Sure, it is possible (even if this is "cheating"). Just keep a stack of Remove objects:

struct Remove {
    bool set;
    int index;
}

The remove function just pushes an object on the stack. Viola, O(1).

If you wanted to get fancy, your stack couldn't exceed (number of bits) without containing duplicate or impossible scenarios.

The rest of the collection has to apply the logic whenever things are withdrawn or iterated over.
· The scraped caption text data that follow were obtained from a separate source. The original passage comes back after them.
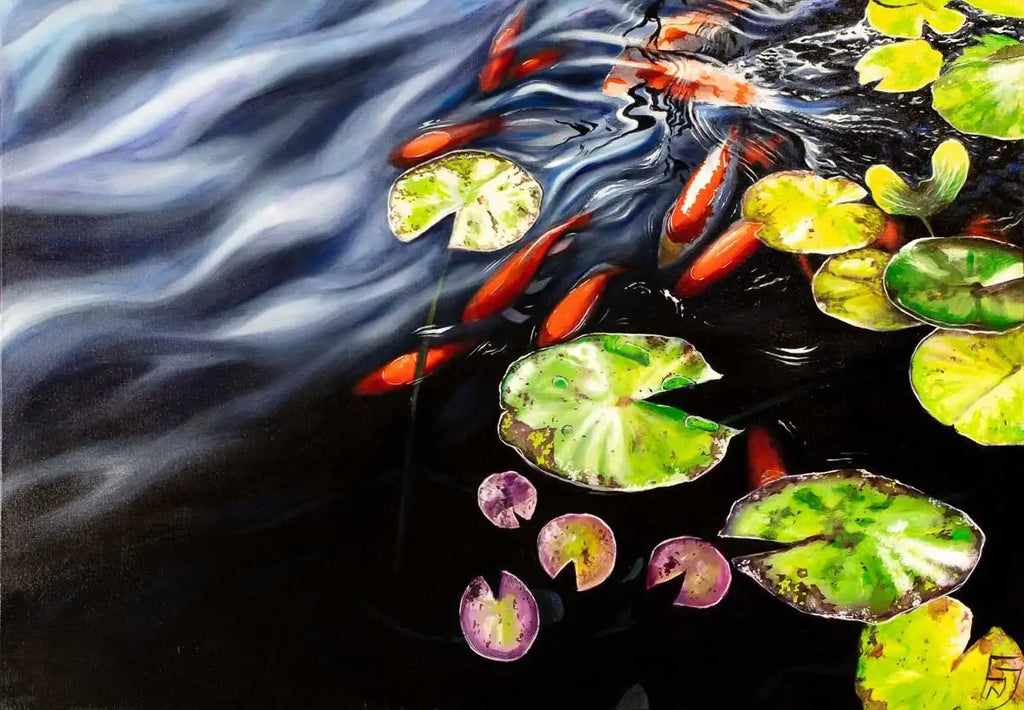 Abashiri - Original by artist Faye Nasser-Joley - Wyecliffe Galleries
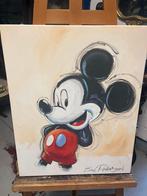 Toile signée Robinson Disney Mickey, Antiquités & Art, Art | Peinture | Abstraite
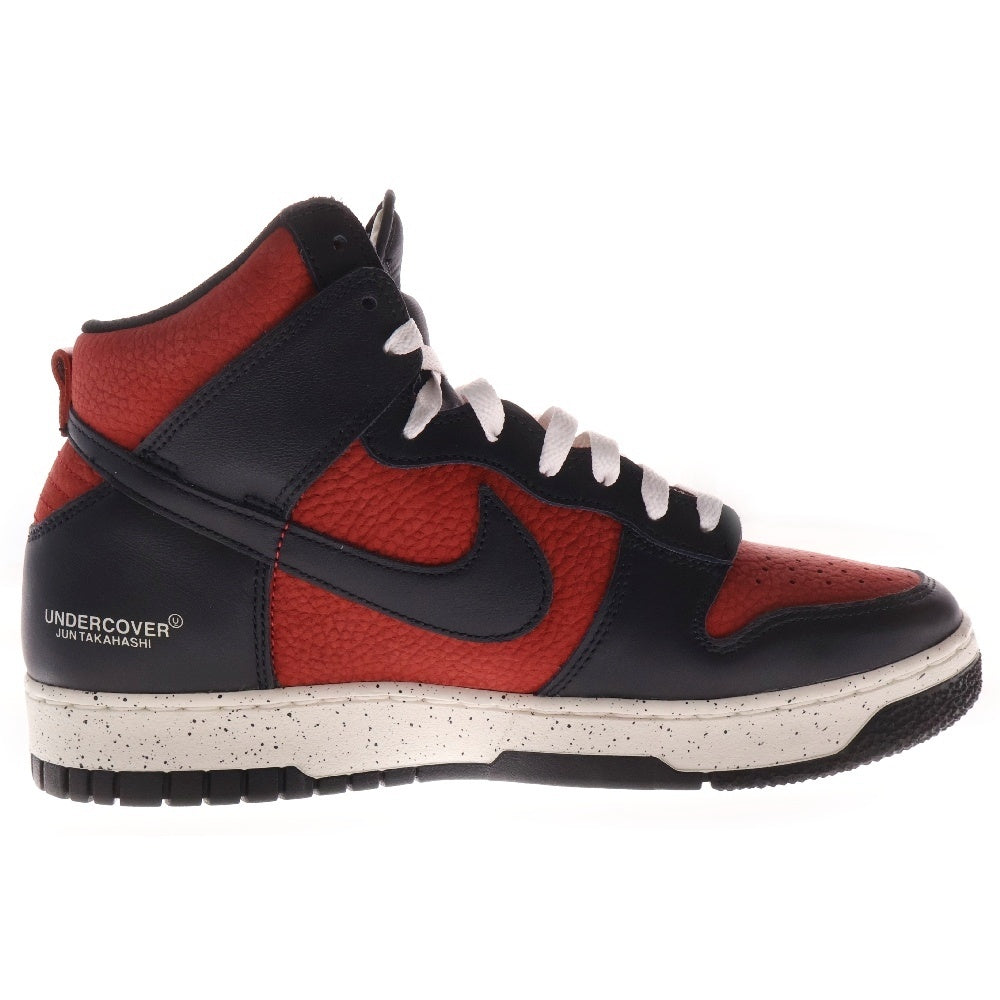 NIKE(ナイキ) ×UNDERCOVER DUNK HIGH UBA DD9401-600 アンダーカバー ダンク ハイカットスニーカー ブラック/レッド US9.5/27.5cm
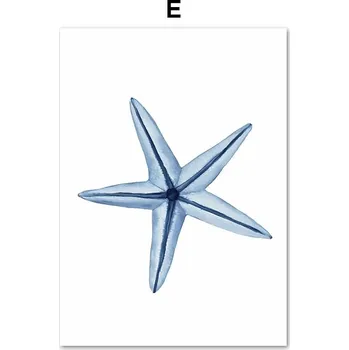 Plakát Plakát s mořskými motivy | Obraz, Plakát - E , 40 x 50 cm bez rámu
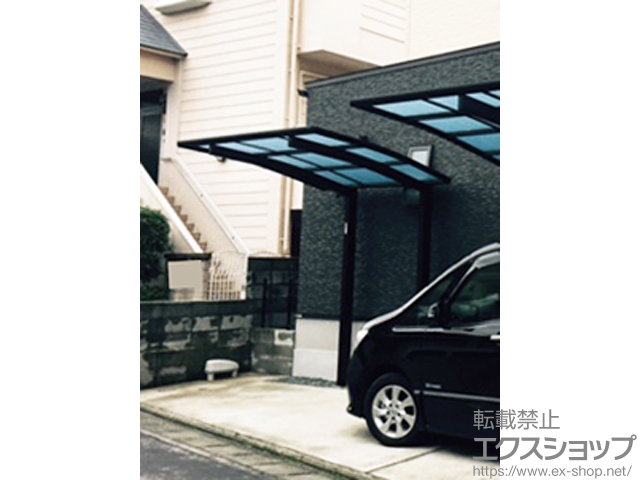 福岡県筑紫郡那珂川町ののサイクルポート・駐輪場 レイナポートグランミニ 積雪〜20cm対応 施工例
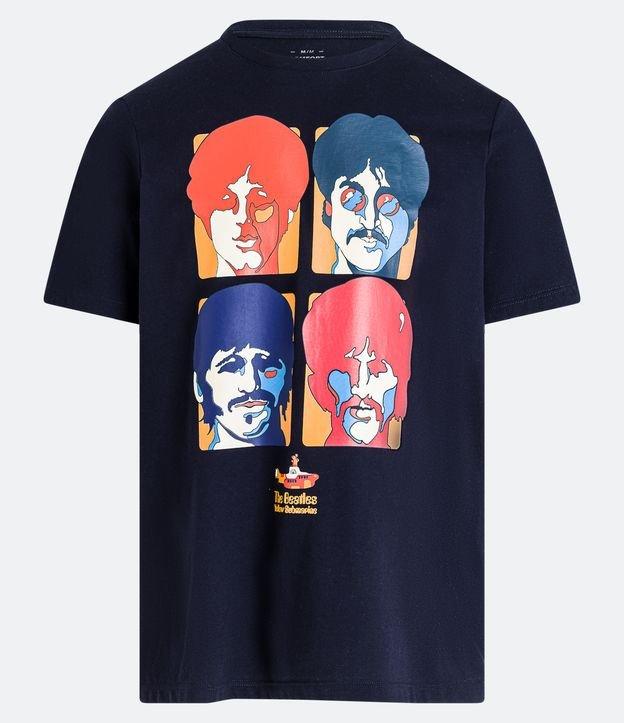Camiseta Comfort em Algodão com Estampa Beatles Faces - 2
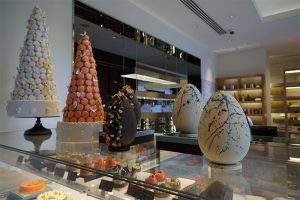 Eggs and macarons by Mandarin Oriental Hotel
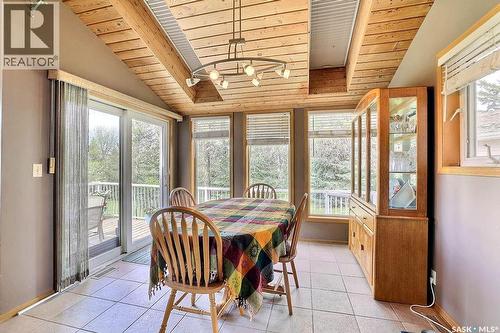Mcouatt Acreage, Lumsden Rm No. 189, SK - Indoor Photo Showing Dining Room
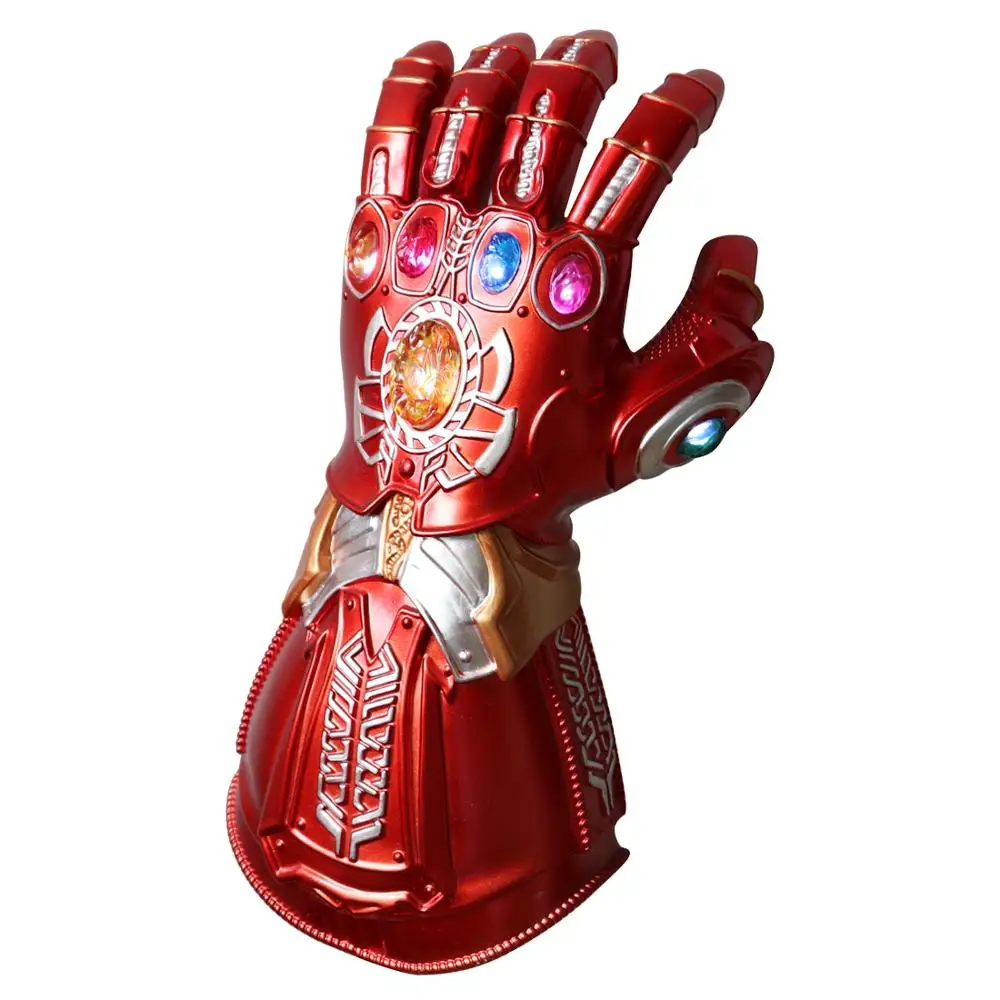 Перчатки из ПВХ для косплея Endgame Thanos перчатки Железного человека фигурки детей и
Two ways to do insert into the collection:

  1. Apply the Remove rules upon insert, to clear out the stack, making in O(n). Gotta pay somewhere.
  2. Each bitfield has to store it's index in the remove stack, to know what rules apply to it. Then, the stack size limit above wouldn't matter
Todd Gardner
I've already suggested this, though in my version you just keep two bitfields and test against objects during iteration. That has the advantage of making it cost less when you're forced to actually pay the piper...unless the bitfield is long and there aren't a lot of removals. In truth, I suspect a real implementation probably would use that kind of solution.
Brian
That would lock you into a linear insert, while the above could do a O(1) insert, O(1) remove, and a O(n) iterate over (assuming constant bitfield size)
Todd Gardner
@Todd: After responding with why it didn't lock you into linear insert, I realized that I was relying on the rather odd assumption that no inserts will ever occur after a remove operation...which is kind of a stupid assumption, though in a practical application it may be true.
Brian
A: 

If you use an array to store your binary tree, you can quickly index any element (the children of the node at index n are at index (n+1)2 and (n+1)2-1. All the nodes at a given level are stored sequentially. The first node at at level x is 2^x-1 and there are 2^x elements at that level.

Unfortunately, I don't think this really gets you much of anywhere from a complexity standpoint. Removing all the left nodes at a level is O(n/2) worst case, which is of course O(n). Of course the actual work depends on which bit you are checking, so the average may be somewhat better. This also requires O(2^n) memory which is much worse than the linked list and not practical at all.

I think what this problem is really asking is for a way to efficiently partition a set of sets into two sets. Using a bitset to describe the set gives you a fast check for membership, but doesn't seem to lend itself to making the problem any easier.

Dolphin